Re: [v8 0/4] cgroup-aware OOM killer

From: Shakeel Butt
Date: Sun Oct 01 2017 - 19:30:12 EST


>
> Going back to Michal's example, say the user configured the following:
>
> root
> / \
> A D
> / \
> B C
>
> A global OOM event happens and we find this:
> - A > D
> - B, C, D are oomgroups
>
> What the user is telling us is that B, C, and D are compound memory
> consumers. They cannot be divided into their task parts from a memory
> point of view.
>
> However, the user doesn't say the same for A: the A subtree summarizes
> and controls aggregate consumption of B and C, but without groupoom
> set on A, the user says that A is in fact divisible into independent
> memory consumers B and C.
>
> If we don't have to kill all of A, but we'd have to kill all of D,
> does it make sense to compare the two?
>

I think Tim has given very clear explanation why comparing A & D makes
perfect sense. However I think the above example, a single user system
where a user has designed and created the whole hierarchy and then
attaches different jobs/applications to different nodes in this
hierarchy, is also a valid scenario. One solution I can think of, to
cater both scenarios, is to introduce a notion of 'bypass oom' or not
include a memcg for oom comparision and instead include its children
in the comparison.

So, in the same above example:
root
/ \
A(b) D
/ \
B C

A is marked as bypass and thus B and C are to be compared to D. So,
for the single user scenario, all the internal nodes are marked
'bypass oom comparison' and oom_priority of the leaves has to be set
to the same value.

Below is the pseudo code of select_victim_memcg() based on this idea
and David's previous pseudo code. The calculation of size of a memcg
is still not very well baked here yet.
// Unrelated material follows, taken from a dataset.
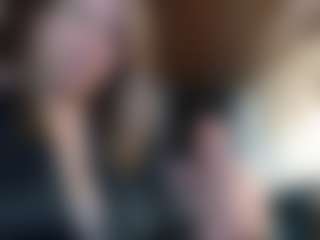 Rubii-sweett MILF webcam performer live streaming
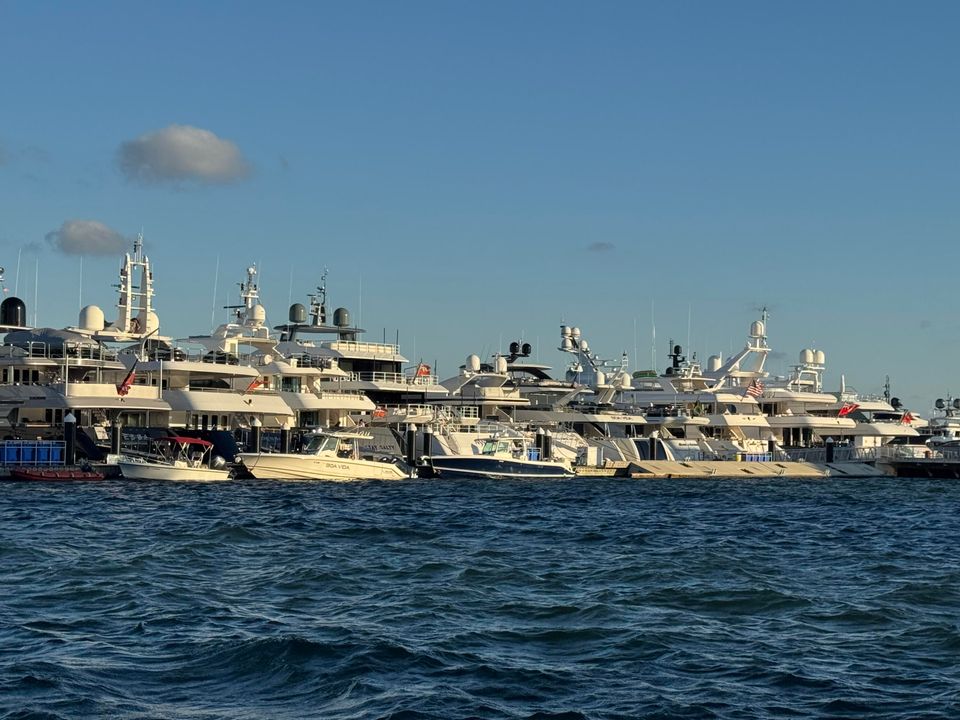 Activo con contrato: $1,950 (2 camas, 2 baños, 948 Pies cuadrados)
I am working on it and I plan
to have a patch based on Roman's v9 "mm, oom: cgroup-aware OOM killer"
patch.


struct mem_cgroup *memcg = root_mem_cgroup;
struct mem_cgroup *selected_memcg = root_mem_cgroup;
struct mem_cgroup *low_memcg;
unsigned long low_priority;
unsigned long prev_badness = memcg_oom_badness(memcg); // Roman's code
LIST_HEAD(queue);

next_level:
low_memcg = NULL;
low_priority = ULONG_MAX;

next:
for_each_child_of_memcg(it, memcg) {
unsigned long prio = it->oom_priority;
unsigned long badness = 0;

if (it->bypass_oom && !it->oom_group &&
memcg_has_children(it)) {
list_add(&it->oom_queue, &queue);
continue;
}

if (prio > low_priority)
continue;

if (prio == low_priority) {
badness = mem_cgroup_usage(it); // for
simplicity, need more thinking
if (badness < prev_badness)
continue;
}

low_memcg = it;
low_priority = prio;
prev_badness = badness ?: mem_cgroup_usage(it); //
for simplicity
}
if (!list_empty(&queue)) {
memcg = list_last_entry(&queue, struct mem_cgroup, oom_queue);
list_del(&memcg->oom_queue);
goto next;
}
if (low_memcg) {
selected_memcg = memcg = low_memcg;
prev_badness = 0;
if (!low_memcg->oom_group)
goto next_level;
}
if (selected_memcg->oom_group)
oom_kill_memcg(selected_memcg);
else
oom_kill_process_from_memcg(selected_memcg);